Сознаваемая бессмысленность выполняемой деятельности становится вызовом для личности, ставя ее перед «задачей на смысл». От того, способен ли человек распознать этот вызов и ответить на него, зависит, станет ли смыслоутрата «кризисом развития» или препятствием на пути становления личности. Можно выделить две формы смыслоутраты. Во-первых, это ситуации, когда субъективный (сознаваемый или переживаемый) смысл не осуществляется индивидом в деятельности в силу сознательного выбора или нехватки личностных ресурсов, необходимых для преодоления внешних и внутренних барьеров. В литературе такие ситуации описаны как ситуации «экзистенциального невроза», отказа личности от собственного выбора и аутентичной жизни [38]. Во-вторых, это ситуации, когда смысл деятельности, которую индивид реально осуществляет по тем или иным причинам, ему самому неясен, и деятельность переживается как чуждая, ставя индивида перед вопросом о смысле: «для чего я это делаю?». Содержание такой деятельности может быть различным: она может реализовывать социальные отношения, не представленные в сознании индивида (например, в ситуации разделения труда), либо не реализовывать таких отношений в принципе (в этом случае на вопрос о смысле нет «готовых» ответов).

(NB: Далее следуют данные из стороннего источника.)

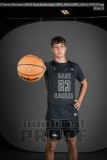 Senior Banners EHHS Boys Basketball (BRE_6641)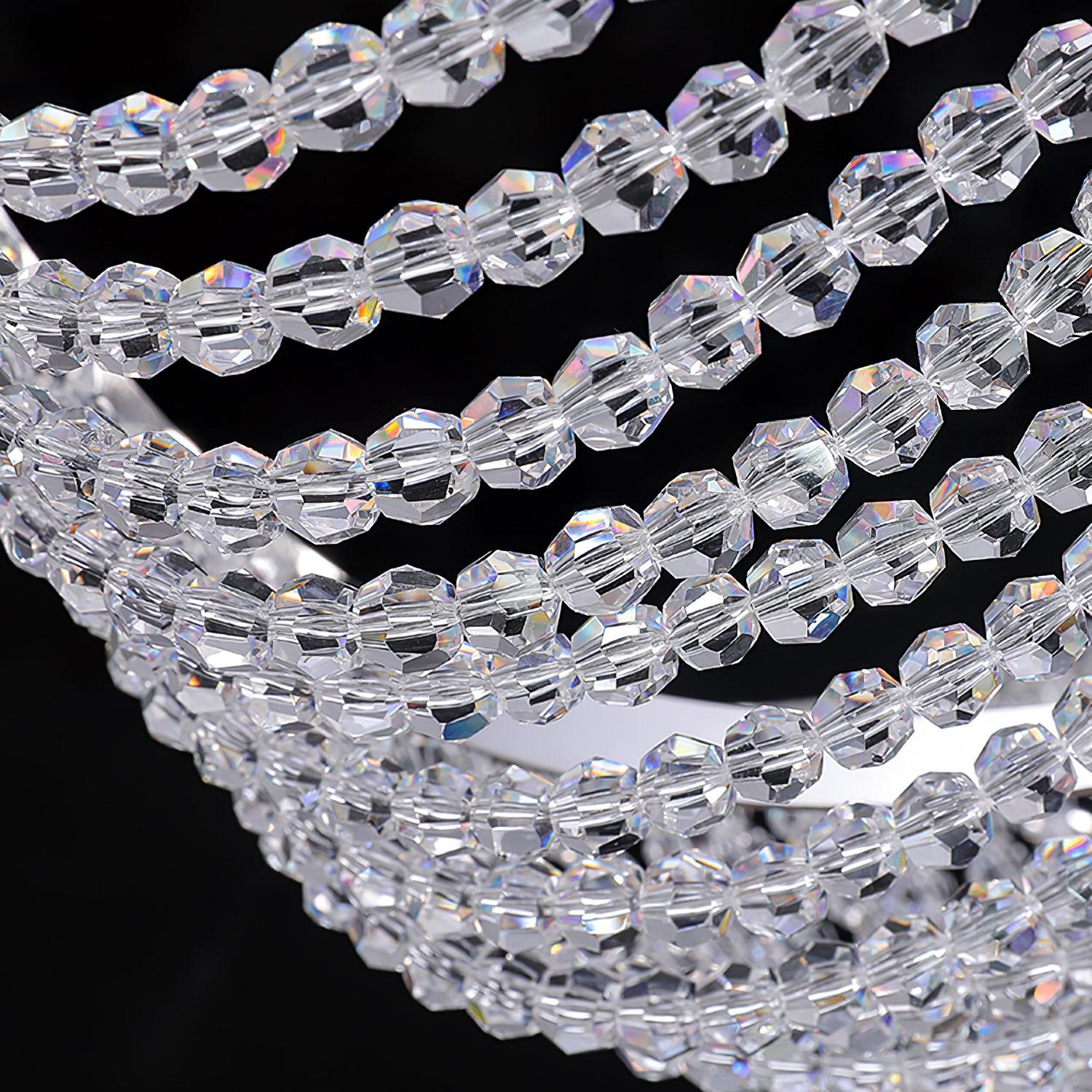 Alon Chandelier - Lumpaz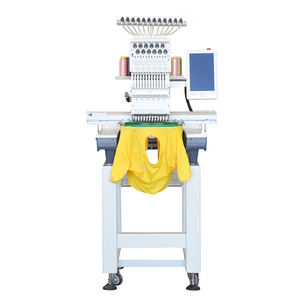 E600 btm <span class=keywords><strong>brother</strong></span> <span class=keywords><strong>innovis</strong></span> v5 le se 400 or800 machine à coudre et à broder industrielle pour logos casquette dernière utilisée - Product Image 4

В психологической литературе этот феномен описывается в терминах внешней мотивации [см.: 20], которая, как показывают исследования [50], может переходить во внутреннюю благодаря процессам интернализации, интеграции деятельности в общий контекст жизненных отношений личности.

Долгосрочным результатом выполнения деятельности, которая не имеет для субъекта смысла, становится синдром эмоционального выгорания. Эта идея, первоначально сформулированная в экзистенциальном подходе [8, 47], получила эмпирические подтверждения на материале трудовой деятельности [33]. Хотя причинно-следственные связи смыслоутраты и выгорания на материале учебной деятельности еще предстоит показать, в кросс-секционных исследованиях показаны тесные связи цинизма по отношению к учебе с выгоранием у школьников [55]. Действие, требующее усилий, но не имеющее для человека смысла, истощает его ресурсы сильнее, чем такое же действие, смысл которого разъяснен субъекту [44; 45].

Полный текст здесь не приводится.